3 Langkah Menerjemahkan Data Digital untuk Mengantisipasi Krisis

PRINDONESIA.CO | Selasa, 01/09/2026
Ilustrasi menerjemahkan data
doc/kumparan

Senior Account Manager Indonesia Communication (ID COMM) Dewi Bastina membagikan tiga langkah yang perlu dilakukan praktisi public relations (PR) dalam menerjemahkan data demi menghadang potensi krisis lebih dini sekaligus mengambil keputusan komunikasi yang lebih strategis. Apa saja? simak berikut!

JAKARTA, PRINDONESIA.CO – Dalam mengelola reputasi dan krisis, tak sedikit organiasi yang masih berpijak pada kerangka berpikir lama, sehingga mereka baru bergerak setelah isu menjadi ramai dan viral. Padahal, dalam lanskap hari ini, organisasi dapat memanfaatkan data untuk memetakan sebuah isu sebelum menjadi menjadi krisis. Dalam konteks ini, tantangannya bukan terletak pada ketersediaan data, tetapi pada kepekaan praktisi public relatons (PR) dalam membaca dan menerjemahkan makna dibalik data tersebut.

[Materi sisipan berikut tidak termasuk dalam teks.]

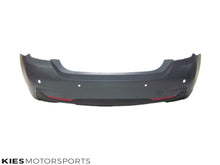 Load image into Gallery viewer, 2014-2020 BMW 4 Series (F32) M Sport Style Rear Bumper Conversion Kit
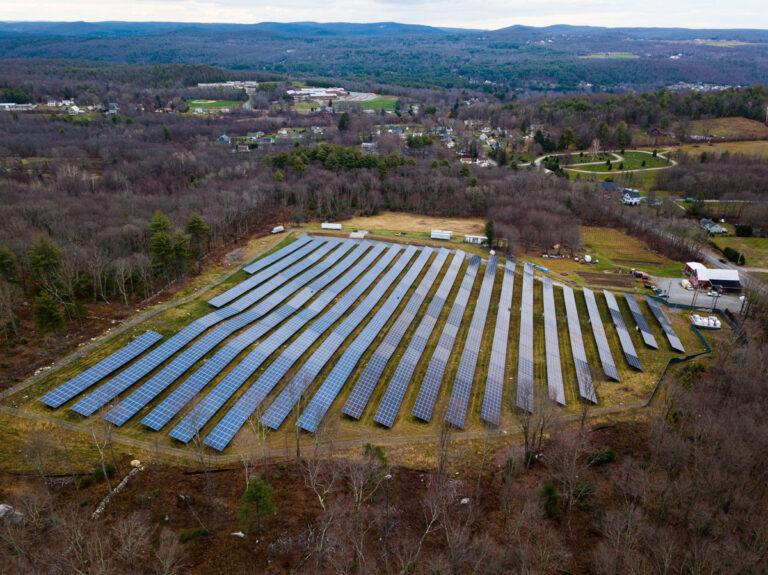 ZP-133 Wilbraham Solar Array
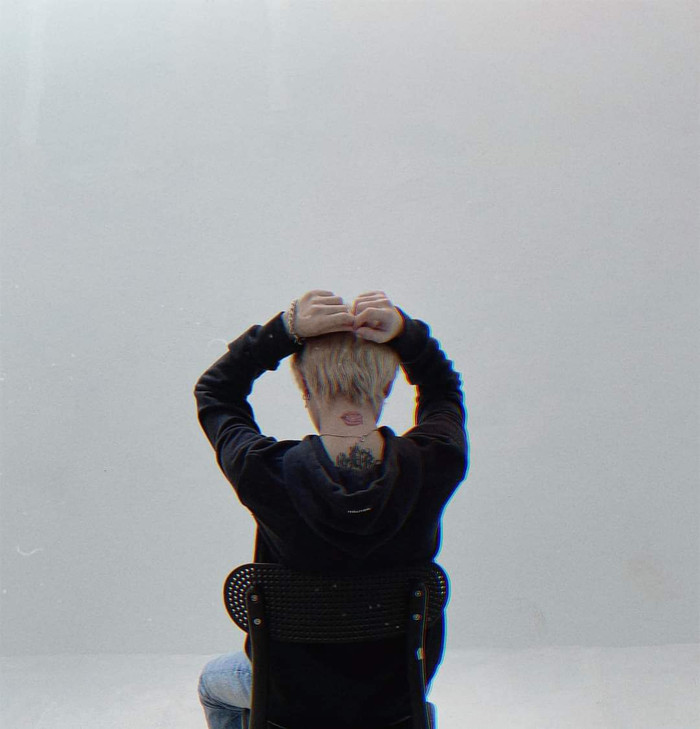 Hình ảnh Jack đăng kèm bài đăng.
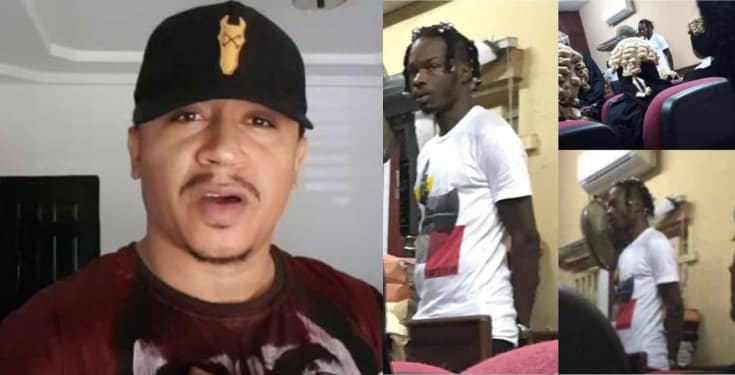 Daddy Freeze finally speaks on Naira Marley's detention in EFCC custody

Senior Account Manager Indonesia Communication (ID COMM) Dewi Bastina mengatakan, data digital dewasa ini menjadi elemen penting dalam memonitoring krisis dan reputasi. Namun, data tidak seharusnya hanya diperlakukan sebagai alat pemadam kebakaran ketika persoalan sudah muncul. “Data digunakan untuk mengelola reputasi brand, memandu inovasi produk, menyesuaikan pendekatan komunikasi, hingga memperluas jejaring stakeholder yang akan memberikan manfaat di masa depan,” tulisnya dalam laman resmi ID COMM.

Untuk dapat mengubah data digital tersebut menjadi rangkaian insight yang relevan, alumnus Universitas Indonesia itu membagikan tiga langkah yang dapat dilakukan dan diperhatikan praktisi PR. Berikut penjelasannya.

1. Tajamkan “Keywords”

Menurut Dewi, keywords atau kata kunci menjadi faktor penentu keberhasilan data yang ditarik. Ia menegaskan, keywords yang terlalu luas akan menarik banyak data dan akan mendapat noise yang tinggi. “Sesuaikan dengan objektif apakah hanya ingin memonitor satu kampanye tertentu atau ingin melihat performa brand dan kompetitor secara keseluruhan,” ujarnya.

2. Petakan Topik Percakapan

Setelah data tersebut dibersihkan dari noise, Dewi melanjutkan, praktisi PR harus mampu memetakan topik percakapan dan mengklasifikasikannya berdasarkan skala prioritas dan sentimen publik. Di sini, terangnya, analisis kualitatif menjadi sama pentingnya dengan angka. Sebab, analisis sentimen media sosial yang baik bukan hanya sekadar membaca jumlah, tetapi mampu menangkap nuansa seperti sarkasme, kritik konstruktif, hingga sinyal awal krisis.

3. Pahami Aktor Lewat “Social Network Analysis”

Selanjutnya, praktisi PR dapat lebih jeli mengidentifikasikan pola interaksi antaraktor di ranah digital melalui metode social network analysis (SNA). Dewi menerangkan, metode ini didukung dengan pendekatan teori graf berkaitan dengan akun personal, media massa, atau tagar sebagai node (simpul), sedangkan interaksi seperti retweet, mention, dan share digambarkan sebagai edge (garis penghubung). “Itulah yang menjadikan SNA sebagai lensa utama untuk membaca krisis secara struktural bukan sedar permukaan,” katanya.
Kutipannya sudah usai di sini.